2 min

Google announced TensorFlow Similarity, a Python package for training similarity models with the company’s TensorFlow machine learning framework. Similarity models train to spot similar/related items for application in tasks like identifying matching songs or similar products.

The search giant says the similarity models train using a technique named contrastive learning.

Contrastive learning relies on clustering algorithms that identify patterns in data automatically by operating in the theory that data points in groups should have similar features. The learning method allows a model to project items into an ’embedding space’ when applied to a dataset, such that the distance between embeddings is indicative of how similar input samples are.  

What can it do?

Training with TensorFlow Similarity shows mathematical representations of the items by showing a small distance between similar items and a bigger distance between dissimilar ones.

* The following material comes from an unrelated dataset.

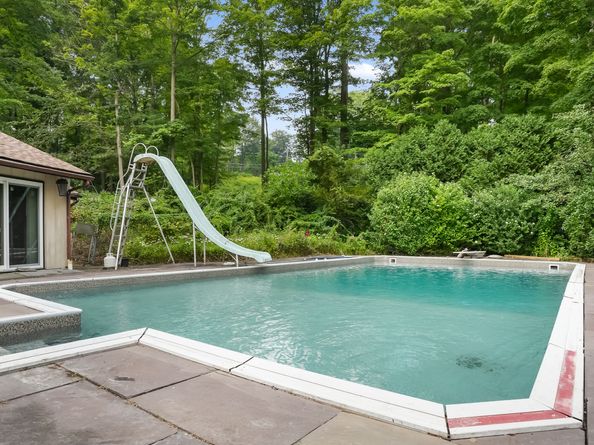 13 Fir Drive, Danbury CT 06811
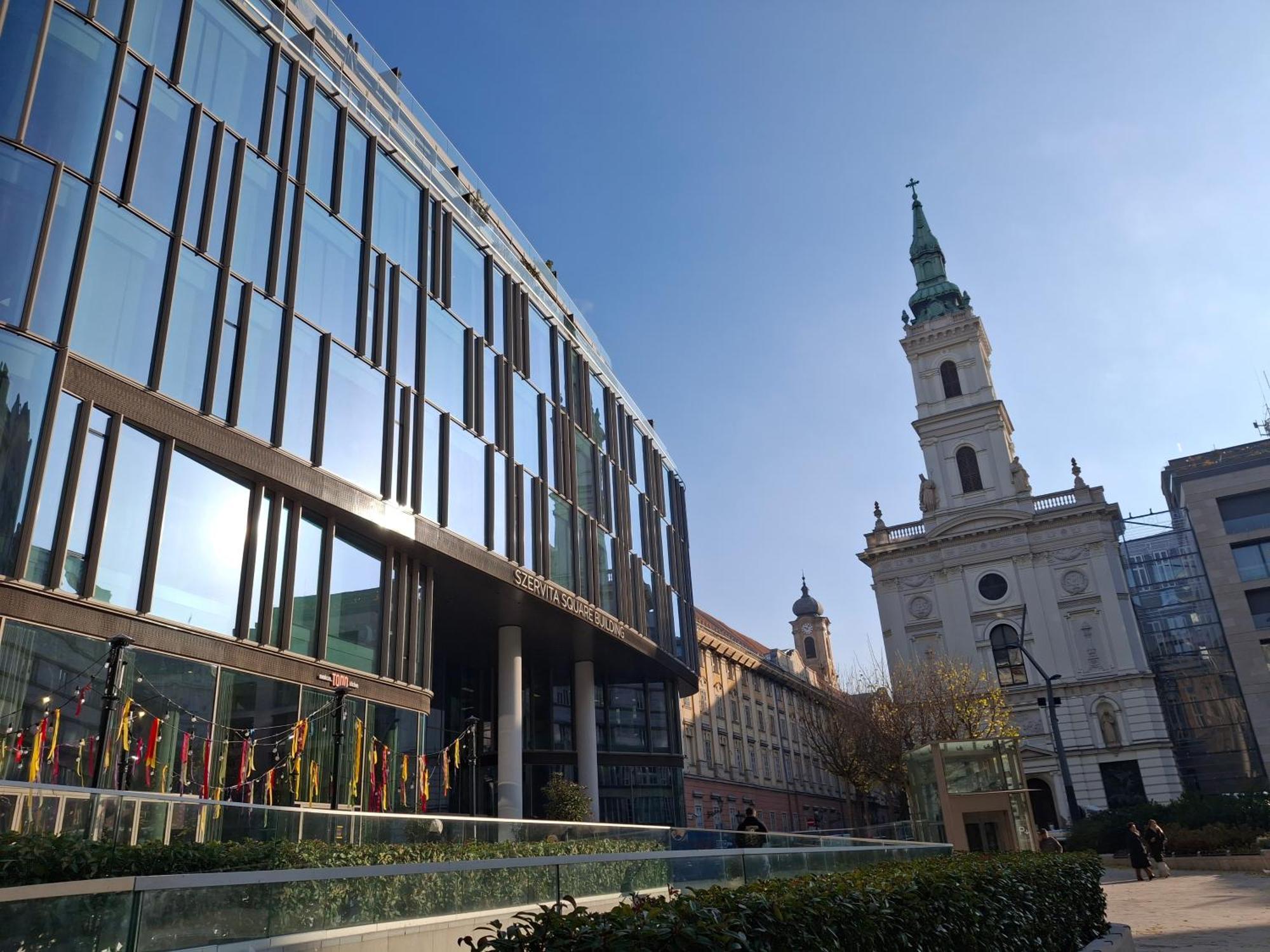 Simply The Best Location Budapest Bagian luar foto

An example would be training a similarity model on the Oxford-IIT Pet dataset. It would lead to clusters where breeds with a resemblance are close to each other while dogs and cats are separated. After model training, TensorFlow Similarity builds an index that contains the embeddings of the various items for searchability.

According to Google, the library enables searches over millions of indexed items, displaying the top results in fractions of a second.

Real-world application

In addition to that, TensorFlow Similarity can add an unlimited new number of classes to the index without retraining, instead of computing only the embeddings for items in new classes.

The initial release of the library focuses on providing the components to build contrastive learning-based similarity models. However, Google plans to add support for additional models in the future.

Elie Bursztein and Owen S. Vallis of Google said that the ability to search for related items has real-world applications and is a vital part of many core information systems like clustering pipelines, recommender systems, and multimedia searches.